(Caption-style text data)
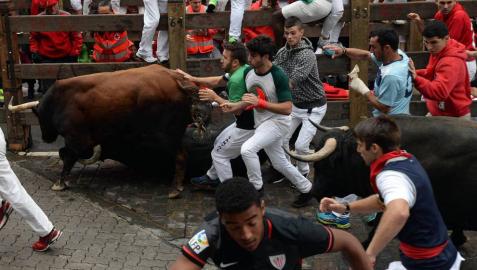 Pamplona encara la recta final de las fiestas tras un emocionante encierro
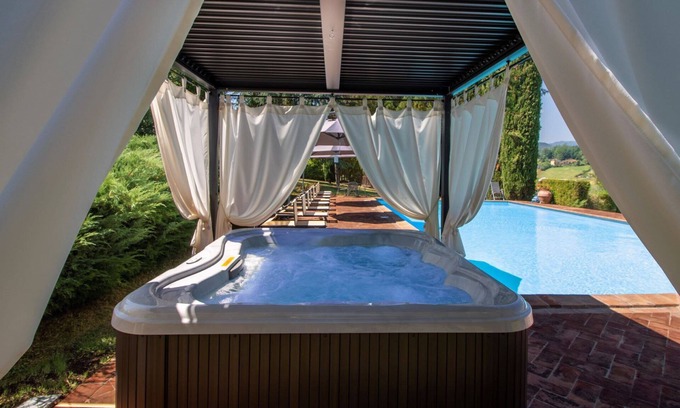 Bibbiena Villa | Beautiful private villa for 8 people with WIFI, A/C, private pool, TV, pets allowed and parking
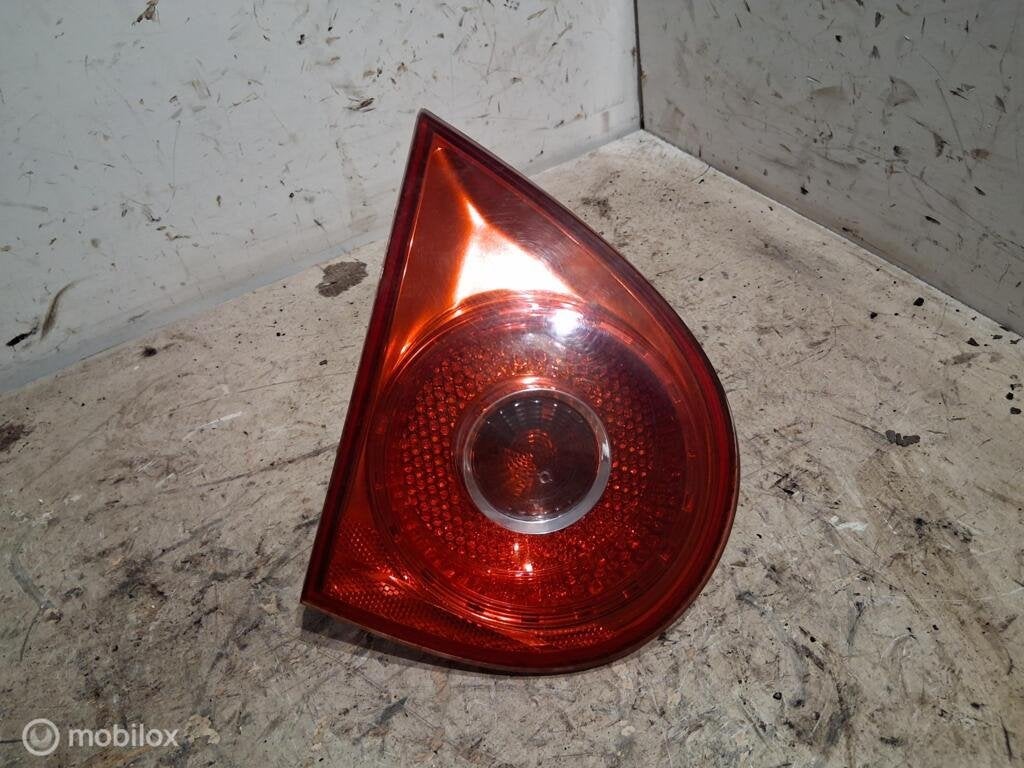 Achterlicht LBinnen Vw Golf V 1.6 ('03-'08) 1K6945093E, Enlèvement ou Envoi, Volkswagen, Utilisé, Volkswagen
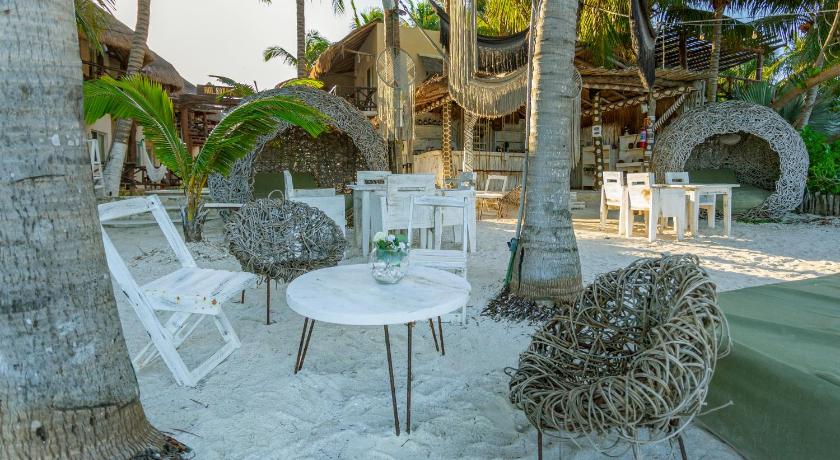 Holbox Dream Beachfront Hotel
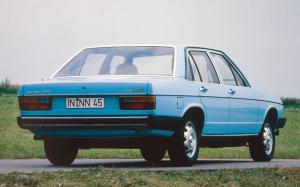 Audi 100 5D 1977 года
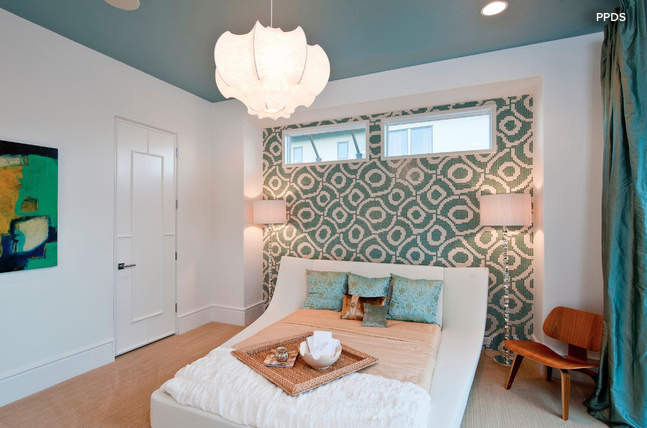 Painted ceiling in the bedroom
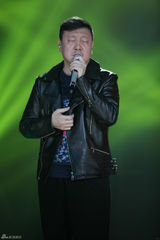 组图：周笔畅睡衣扮猫女 邓紫棋自弹自唱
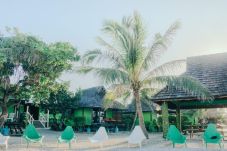 Bungalow en Avatoru -  RANGIROA - Fare jardin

* [TASK STATEMENT] Your reply must hold only the lines from the line containing "Achterlicht LBinnen Vw" through the end of the records above, written out exactly, both ends included, with no pictures, please.

* [ANSWER TO THIS PROBLEM]
 Achterlicht LBinnen Vw Golf V 1.6 ('03-'08) 1K6945093E, Enlèvement ou Envoi, Volkswagen, Utilisé, Volkswagen
 Holbox Dream Beachfront Hotel
 Audi 100 5D 1977 года
 Painted ceiling in the bedroom
 组图：周笔畅睡衣扮猫女 邓紫棋自弹自唱
 Bungalow en Avatoru -  RANGIROA - Fare jardin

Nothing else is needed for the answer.